» ENTRIES SHOWN

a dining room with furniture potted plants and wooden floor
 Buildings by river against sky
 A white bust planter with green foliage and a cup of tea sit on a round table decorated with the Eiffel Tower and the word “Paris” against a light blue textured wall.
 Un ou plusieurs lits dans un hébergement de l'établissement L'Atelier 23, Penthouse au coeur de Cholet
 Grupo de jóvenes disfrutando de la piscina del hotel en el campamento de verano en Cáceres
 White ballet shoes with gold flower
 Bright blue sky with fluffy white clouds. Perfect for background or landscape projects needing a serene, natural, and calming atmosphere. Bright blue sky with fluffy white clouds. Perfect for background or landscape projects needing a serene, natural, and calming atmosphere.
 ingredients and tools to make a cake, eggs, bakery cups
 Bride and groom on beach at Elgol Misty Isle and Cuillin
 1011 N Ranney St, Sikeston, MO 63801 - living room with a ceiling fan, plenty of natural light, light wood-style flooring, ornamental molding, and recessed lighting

» GOAL OF THE EXERCISE
From the records above, transcribe exactly the run of lines that opens with the line holding "Un ou plusieurs" and closes with the line holding "White ballet shoes with gold flower", both included.

» PROBLEM SOLUTION
 Un ou plusieurs lits dans un hébergement de l'établissement L'Atelier 23, Penthouse au coeur de Cholet
 Grupo de jóvenes disfrutando de la piscina del hotel en el campamento de verano en Cáceres
 White ballet shoes with gold flower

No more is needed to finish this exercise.